You either have to be in a specialized situation like coding where the available steps
are limited, well known, and external testing is available, or you need to be.
be using a different type of AI system altogether.
And we look at like game playing AIs, look at like meta researches Cicero, which can play
the board game diplomacy at a high level.
That does a lot of planning to try to figure out what move it wants to do and why.
But it's not using an LLM to do that planning, because LLM's right stories.
I don't want a story about like here's a reasonable sounding plan.
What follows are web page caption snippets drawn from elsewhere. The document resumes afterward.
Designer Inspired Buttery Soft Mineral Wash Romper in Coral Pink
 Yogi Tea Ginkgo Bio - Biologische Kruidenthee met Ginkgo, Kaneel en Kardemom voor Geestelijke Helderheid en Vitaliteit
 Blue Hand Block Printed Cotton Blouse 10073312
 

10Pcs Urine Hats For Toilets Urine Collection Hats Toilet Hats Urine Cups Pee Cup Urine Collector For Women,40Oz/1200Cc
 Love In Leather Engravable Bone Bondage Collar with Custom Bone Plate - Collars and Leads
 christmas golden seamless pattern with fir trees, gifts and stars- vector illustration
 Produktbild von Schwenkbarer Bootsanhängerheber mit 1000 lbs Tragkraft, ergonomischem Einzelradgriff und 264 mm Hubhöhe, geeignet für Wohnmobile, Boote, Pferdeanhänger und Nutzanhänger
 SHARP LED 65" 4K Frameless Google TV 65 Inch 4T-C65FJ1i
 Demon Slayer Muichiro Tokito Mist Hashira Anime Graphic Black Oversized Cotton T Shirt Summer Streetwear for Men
It actually has an explicit planning engine, no machine learning involved at all, to actually
systematically try out different options,
compare it to specific goals,
and see which of those works out better.
So you can build artificially intelligent systems
that can build good plans,
check responses,
come up with a good strategy, and execute it.
But that's an annoying
because you have to build a separate one of these
for different contexts.
And Mark Zuckerberg and Sam Altman and Dario Amade
just hope that they can build their LLM
smart enough that we could just use them for everything.
And I don't think that's working out.
All right. So two things.
One, no, the current generation of LN-based AI agents are not scheming.
They're not trying to get around restrictions.
They have no intentions.
They're just blindly executing bad plans.
And two, if you really want computers to be able to take a lot of steps safely on our behalf,
then we need better AI technology.
All right, so that's what I have for the AI Reality Check this week.
I'm here most Thursdays checking in on the latest worrisome AI news
and trying to put some recent measured thinking into the mix.
Until next time, remember,
care about AI,
but don't believe everything you read about it.